Was I not trying hard enough to appreciate this ancient, revered beverage? He thinks so: “It would be so easy to say,’Why bother?’ But push past that moment of resistance, and the rewards in sake can go well beyond what’s in the glass.”
But even after several reads I wasn’t feeling it. In fact I began to see Asimov as a sake apologist (and a certain New York sake store’s marketing director) rather than an enthusiast. In the column he offers two reviews, describing the second, less expensive sake as “a bit smoother, a bit more dry, with a lighter, more delicate texture…” I realized that Asimov’s obvious struggle with describing the sake was in turn why I was struggling distilling his language.
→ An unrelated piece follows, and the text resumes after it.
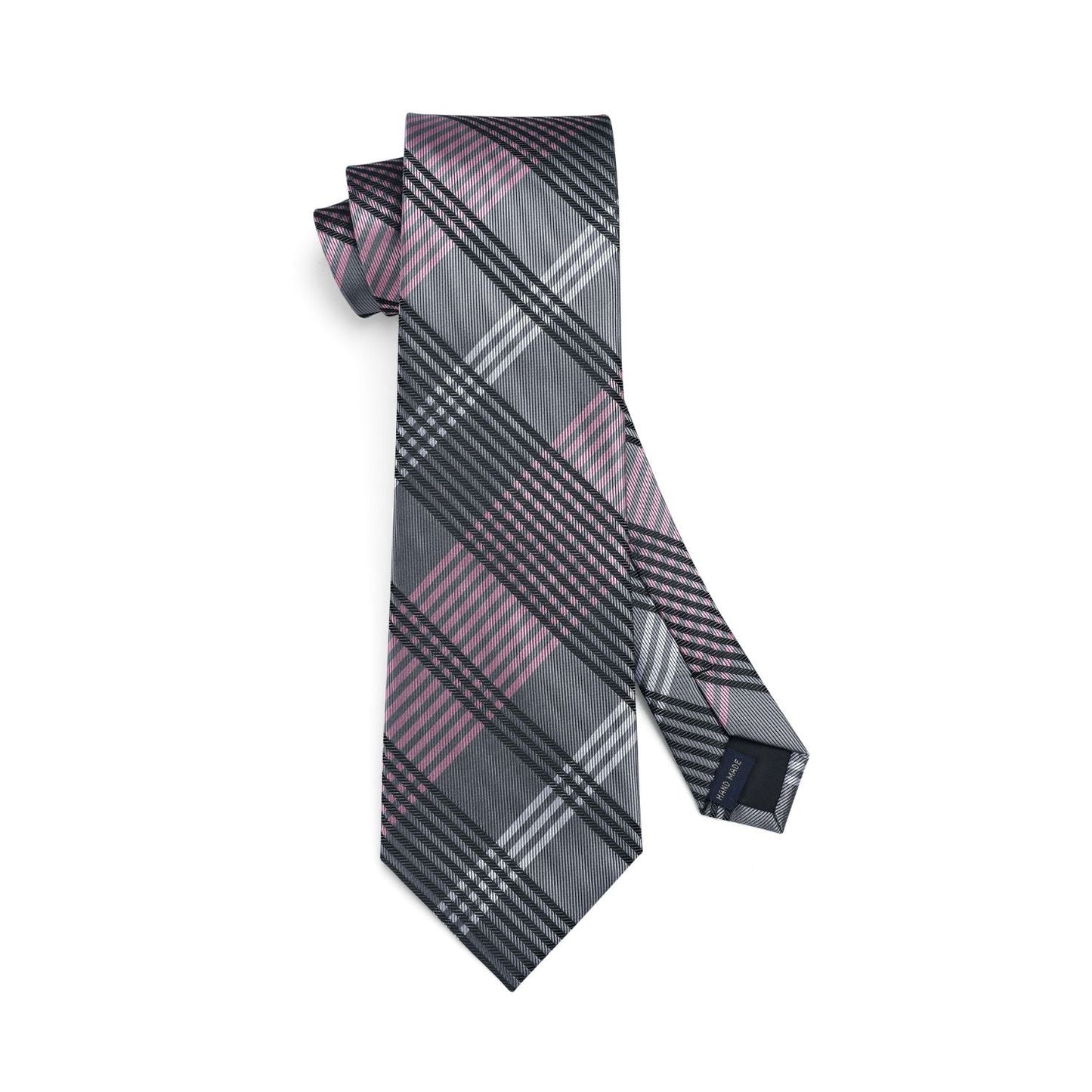 Hisdern Grey Pink Plaid Tie Set For Groomsmen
And his struggle was one which I also have…when I describe wine.
Although Asimov suggests otherwise, searching for nuances “beyond what’s in the glass” in sake is exactly what I do when swirling, smelling, and slurping wine. The descriptors may be different, but wine lovers like myself are also looking for “texture, elegance and purity,” and at times struggle putting words to a tasting experience which is completely subjective. Asimov is right about the “disquieting” and “alien world” sake may present to the uninitiated; I certainly have an easier time describing sensations reminiscent of the fuzzy skin and ripe, dripping fruit of a peach when tasting a lush Viognier than the that of “waterfalls and cool mountain streams” he experienced when tasting a Amanoto Tokubetsu Junmai.
Of course we all describe our experiences (of what is both in and outside the glass) differently. Even when the descriptors are the same, they are just that: a description, not the actual experience. Whether one is describing sake or wine, it is language itself that is both the challenge and the truth maker. Knowledge comes is in the speaking (or writing) of the subject. And, as Foucault says, “The task of commentary can never, by definition, be completed.”
Next week I’ll free my mind of fickle Foucault and give “rewriting the review” another go, hopefully ending up with a throughly (and thoughtfully) marked-up column. (And I’ll be wielding my brand new Stainless Steel Sharpie. How cool is this pen.)